* _EXCERPTED RECORDS_
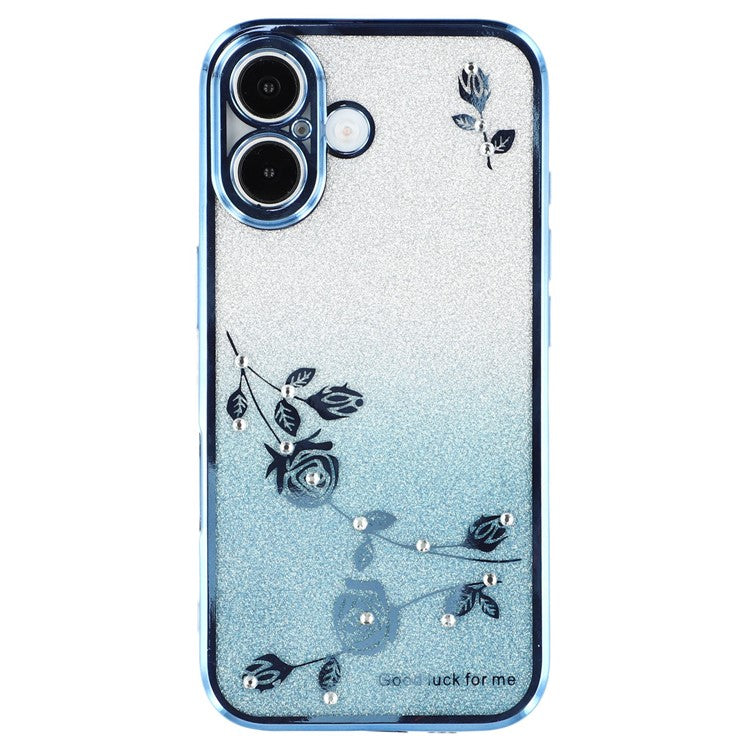 KADEM For iPhone 16 Plus Case TPU Phone Cover Glitter Gradient Ring Kickstand Function - Blue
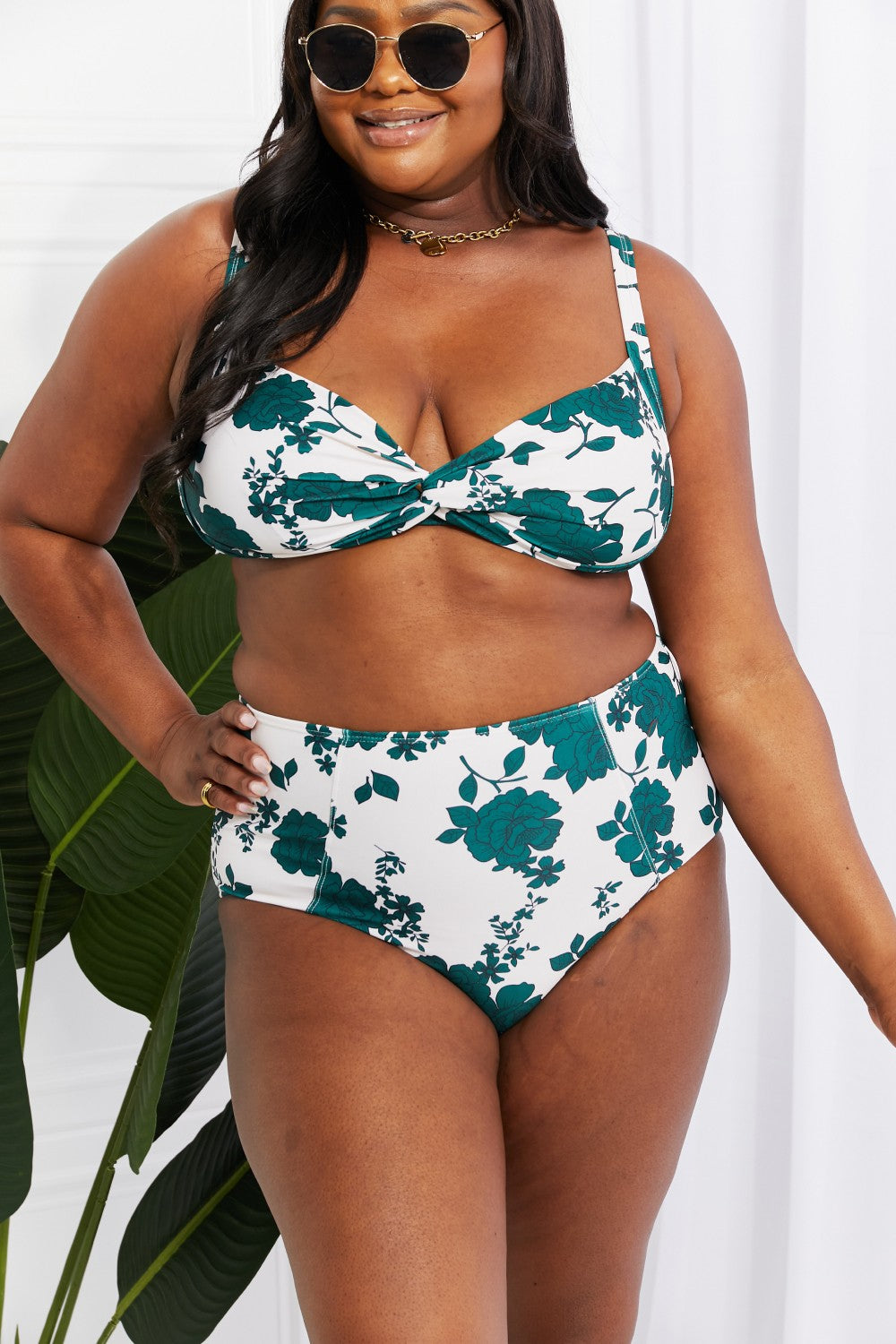 Marina West Swim Take A Dip Twist High-Rise Bikini in Forest Sunset and Swim   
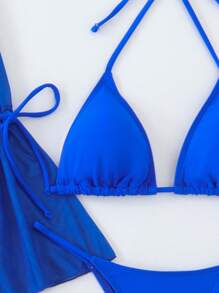 夏季沙灘純色露背連身三角泳裝2件套，搭配不對稱長袖開衫遮陽衣和拉繩褶皺短裙，共4件裝 - 寶藍色 - 查看 7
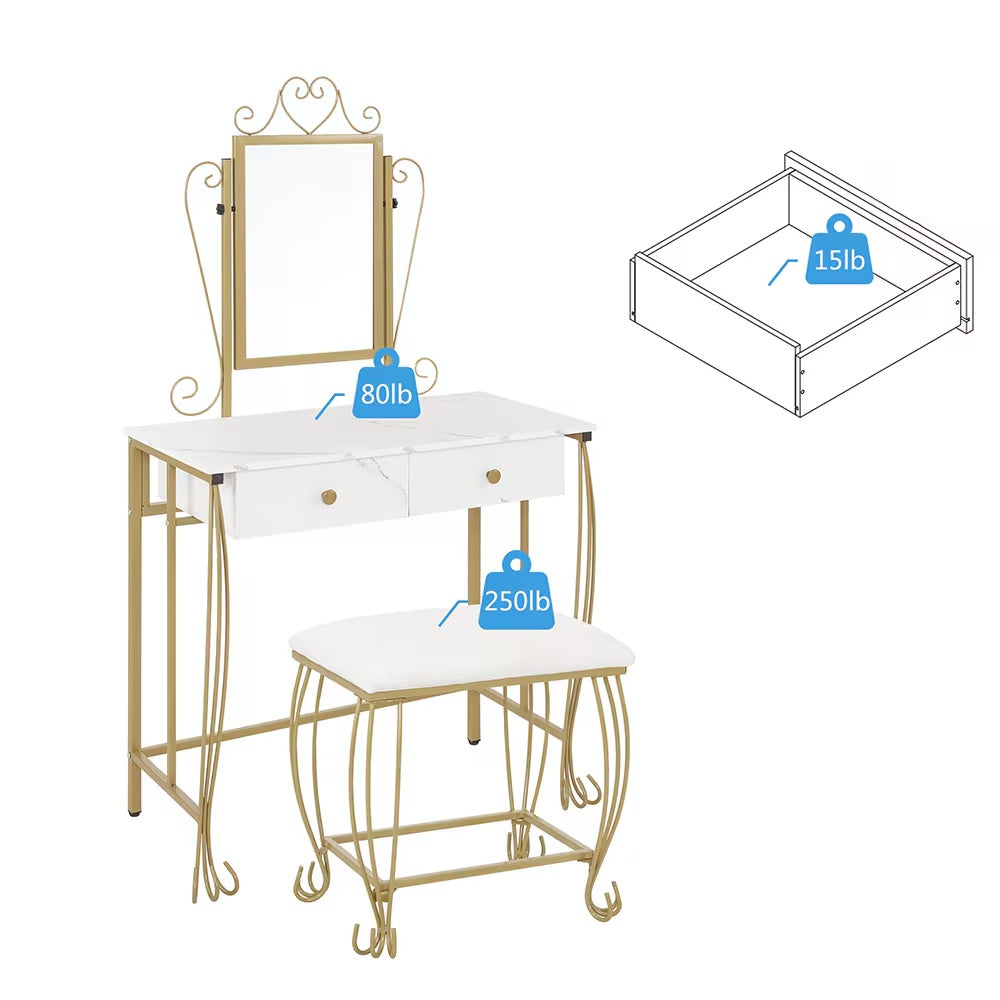 Set da toeletta con specchio e sgabello, scrivania da trucco bianca con cassetti per ragazze, donne, camera da letto, regalo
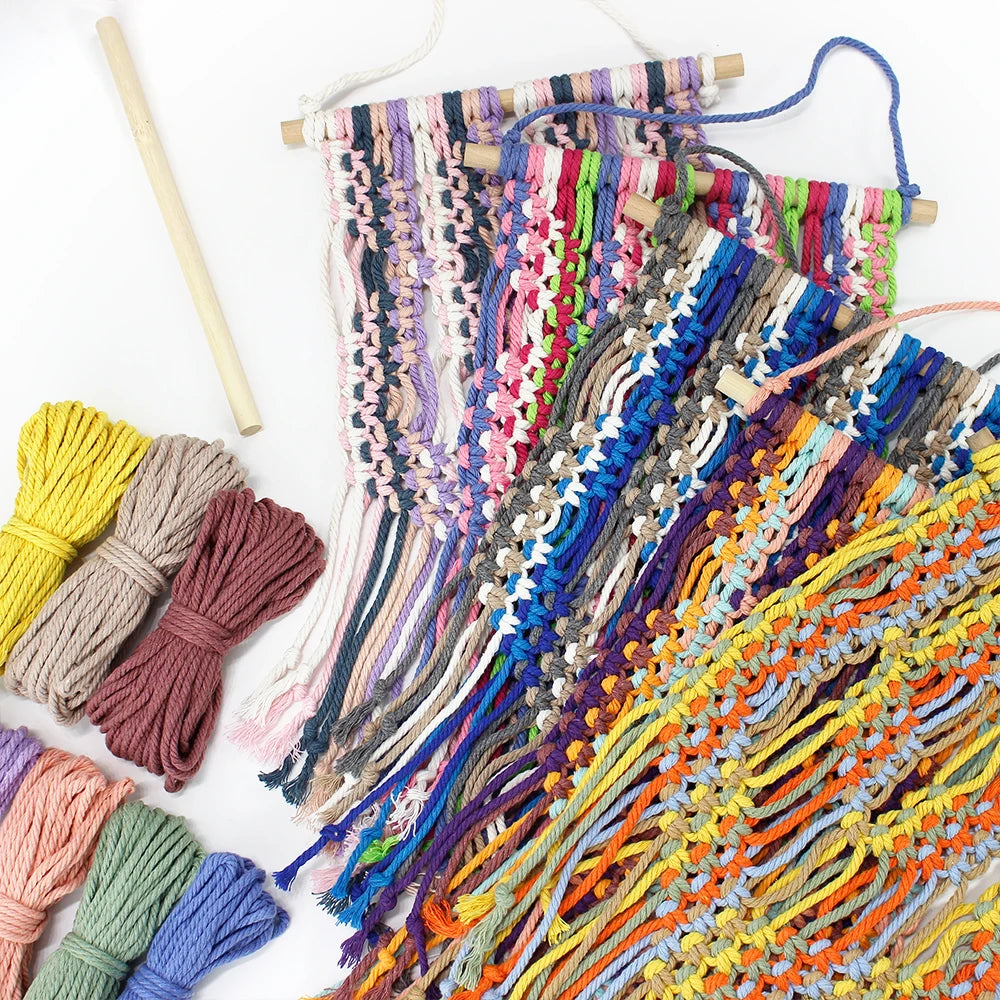 1 Set Colorful Macrame Wall Hanging Kit, DIY Craft for Beginners, Polyester Woven Wall Decor Craft Kit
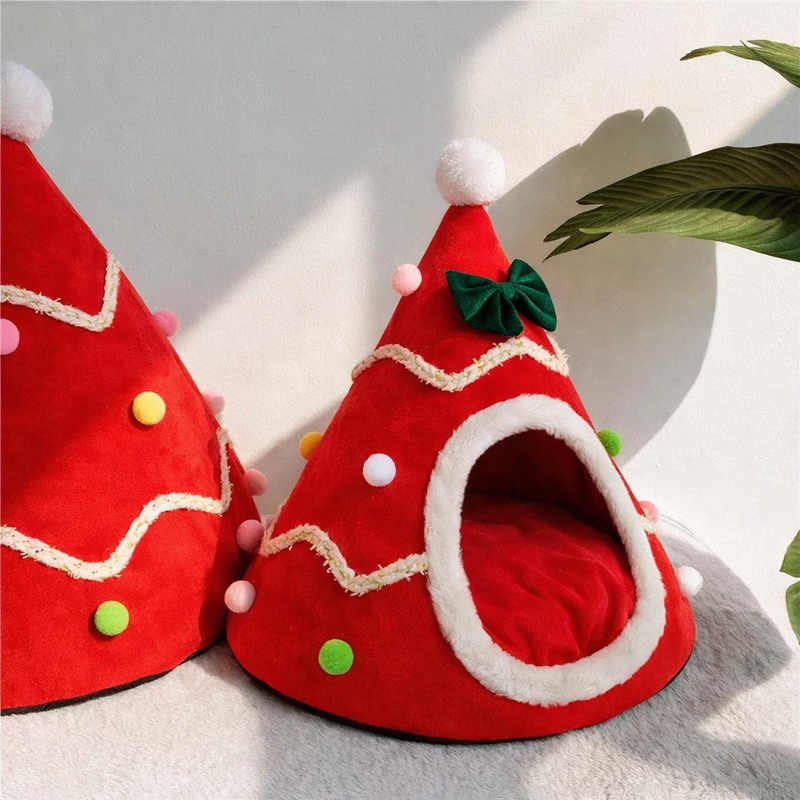 Anypet Christmas Pet Bed – Red Ribbon Winter Cat Cushion Mat, Soft Cozy Design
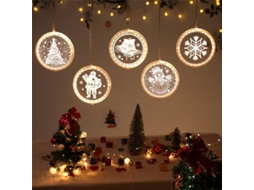 Luzes De Natal Em Cadeia, 5 Luzes Led Circulares Para Decoração De Cena De Natal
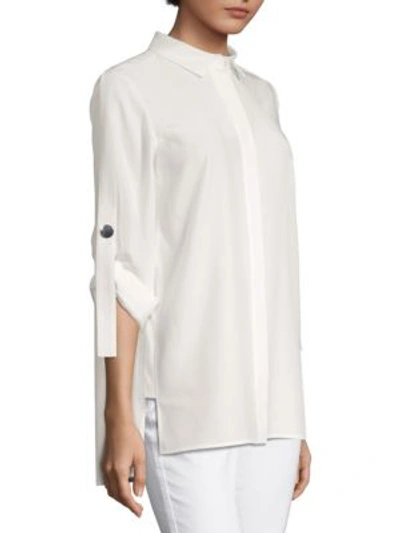 Shop Lafayette 148 Jeslyn Roll-tab Silk Blouse In Cloud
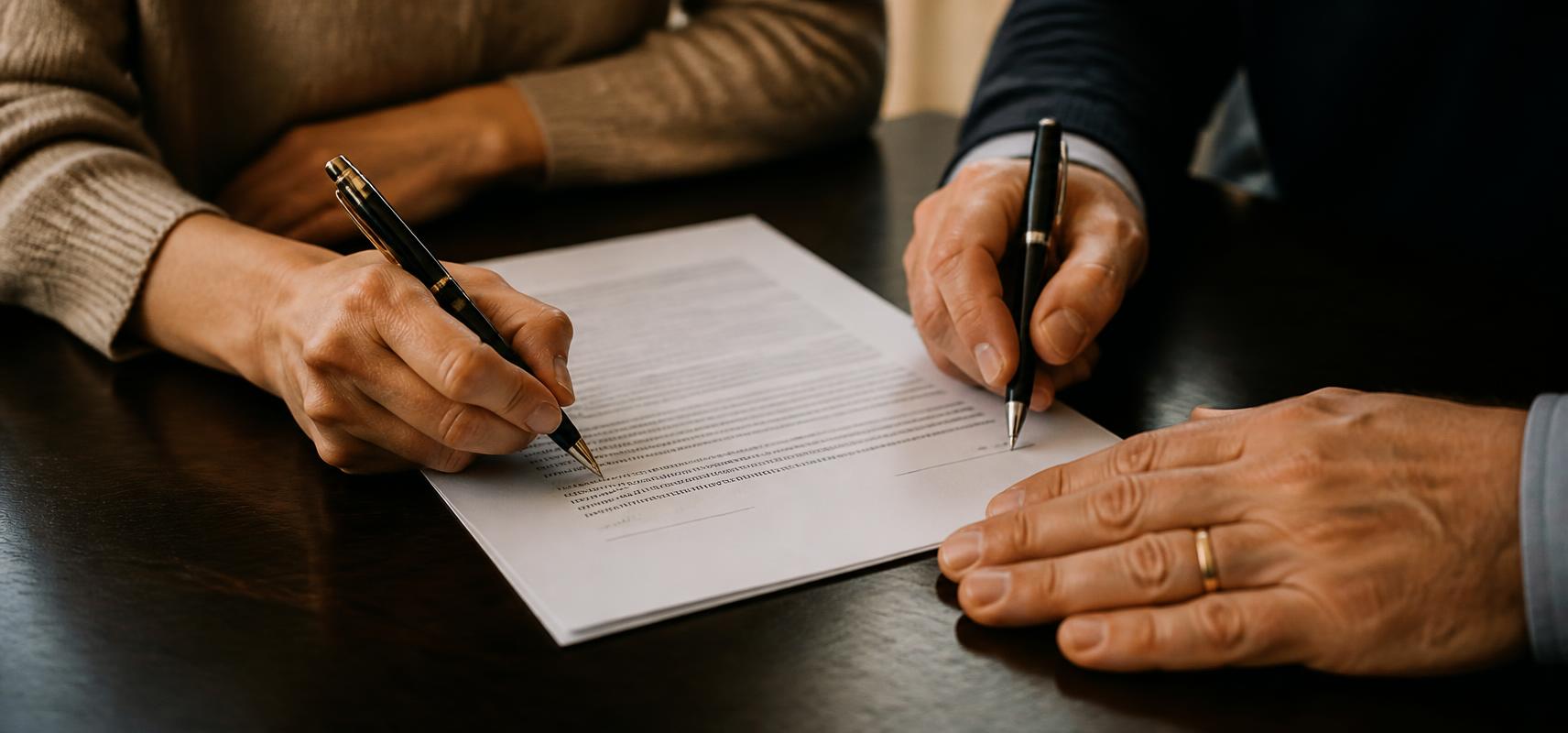 Close-up of witnesses signing a will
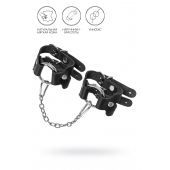 Черные кожаные наручники-браслеты из двух ремешков - Pecado - купить с доставкой в Люберцах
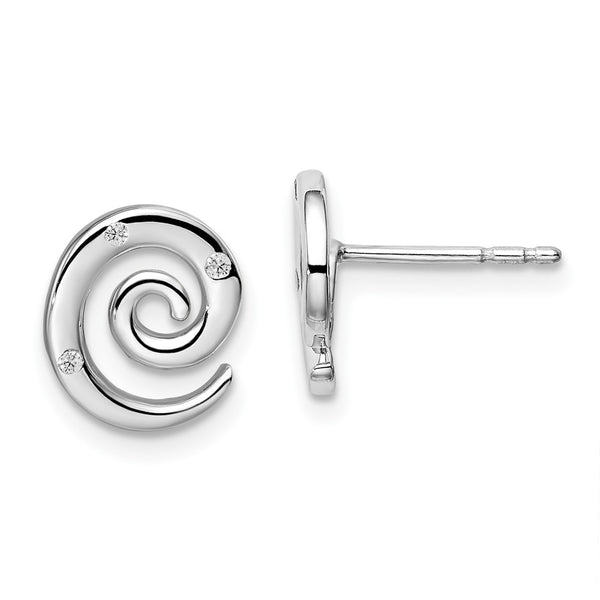 White Ice Rhodium-Plated Sterling Silver Diamond Swirl Studs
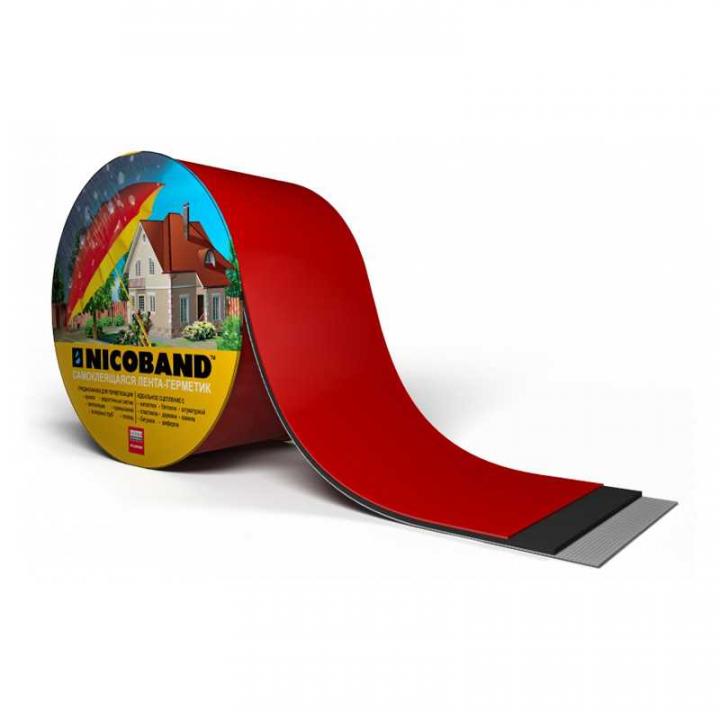 Фото Лента-герметик Nicoband красная 100 мм х 3 м - Магазин MASMART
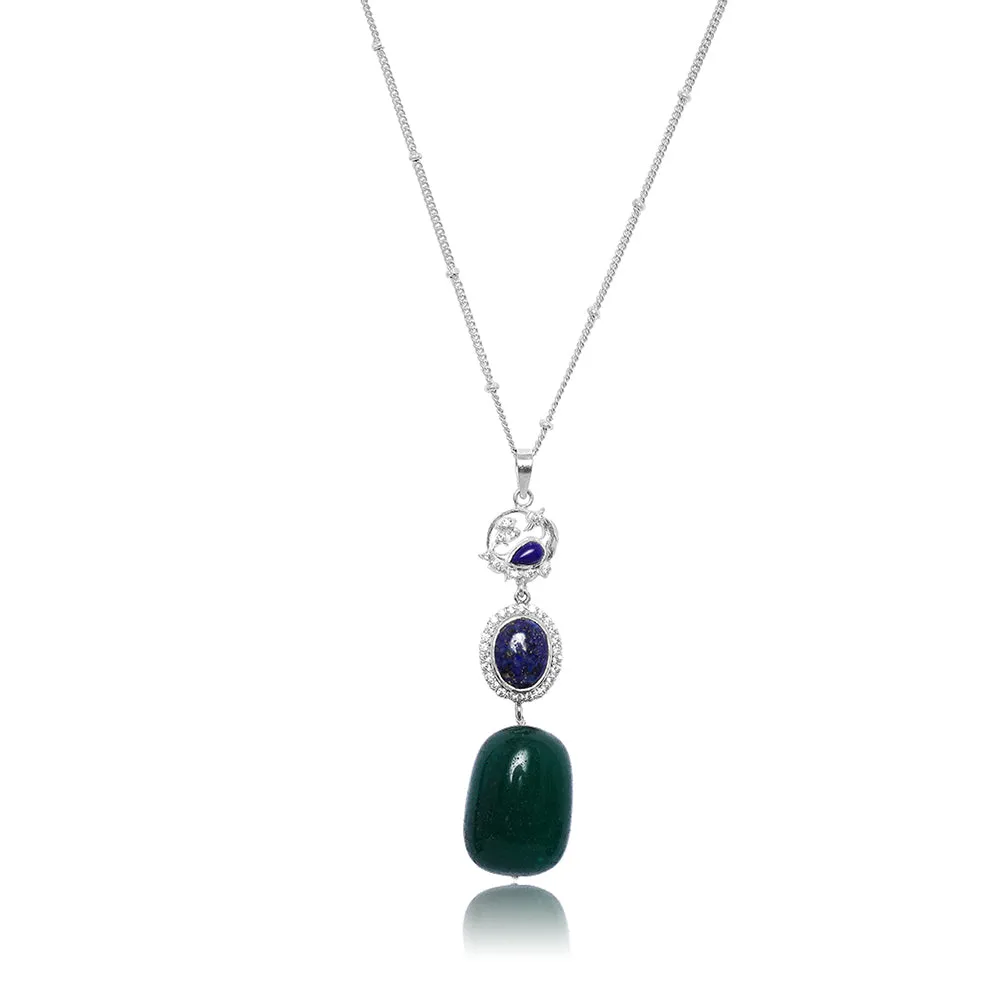 Silver Oxidised Lapis And Green Onyx Necklace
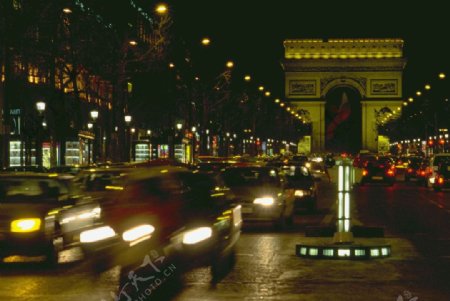 巴黎街道夜景图片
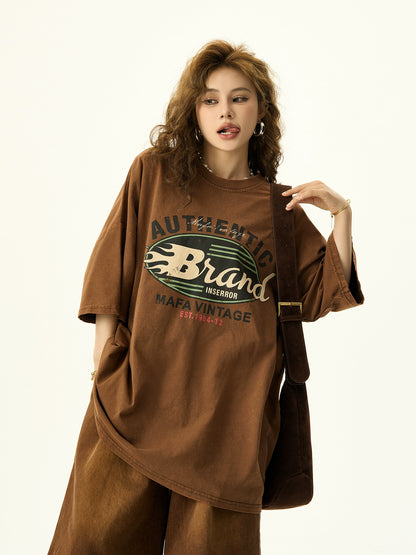 Oversize Letter Print Short Sleeve T-shirt  NA3134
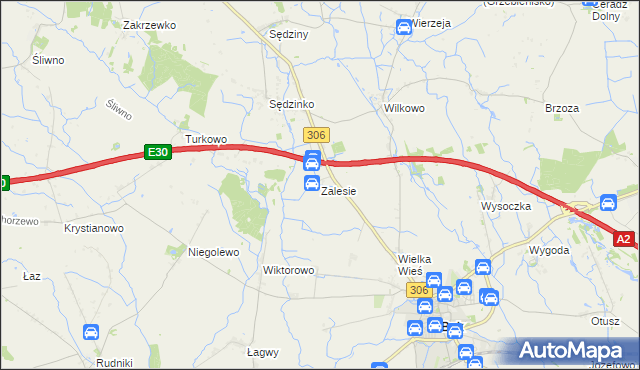 mapa Zalesie gmina Duszniki, Zalesie gmina Duszniki na mapie Targeo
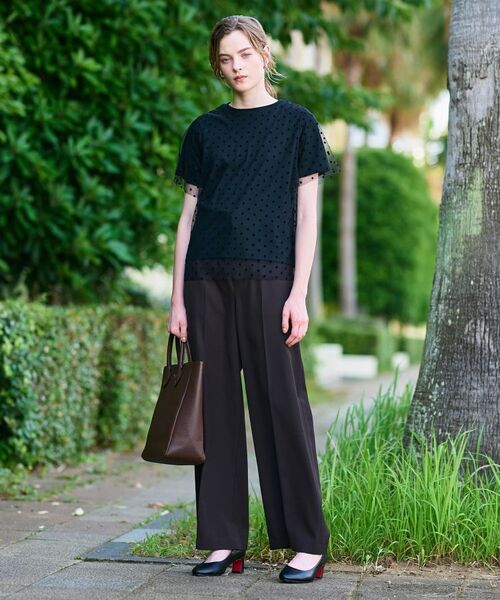 DRESSTERIOR / ドレステリア Tシャツ | 【洗える／シアー素材】ドットチュールレイヤードTシャツ | 詳細4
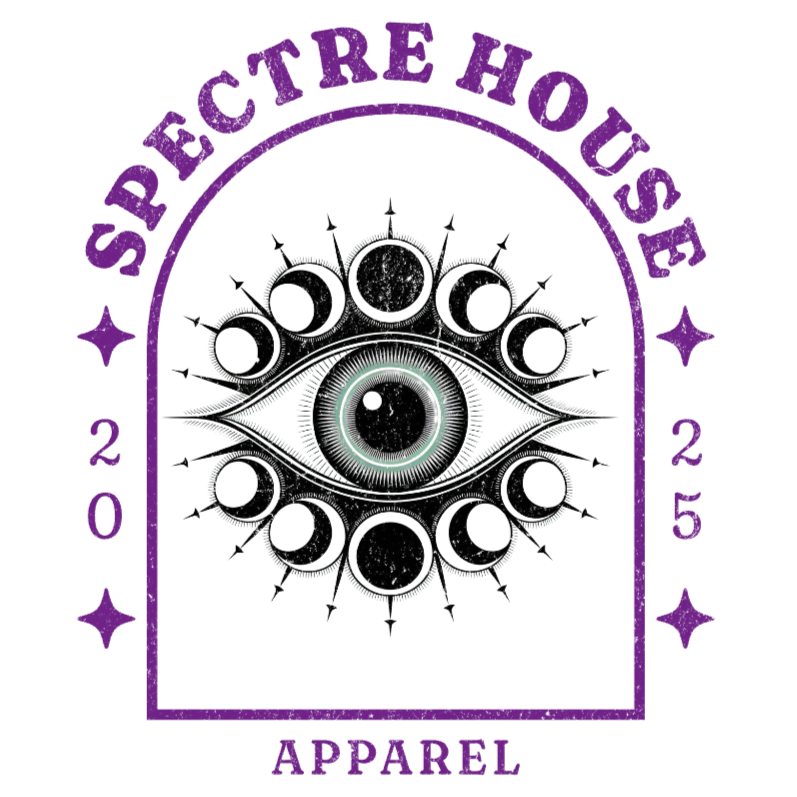 Spectre House Apparel logo with eye design and purple text on a white background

* _WHAT IS BEING ASKED_
Copy exactly, with no pictures, the lines from the line containing "mapa Zalesie gmina" through the last line of the records above.

* _REPLY_
 mapa Zalesie gmina Duszniki, Zalesie gmina Duszniki na mapie Targeo
 DRESSTERIOR / ドレステリア Tシャツ | 【洗える／シアー素材】ドットチュールレイヤードTシャツ | 詳細4
 Spectre House Apparel logo with eye design and purple text on a white background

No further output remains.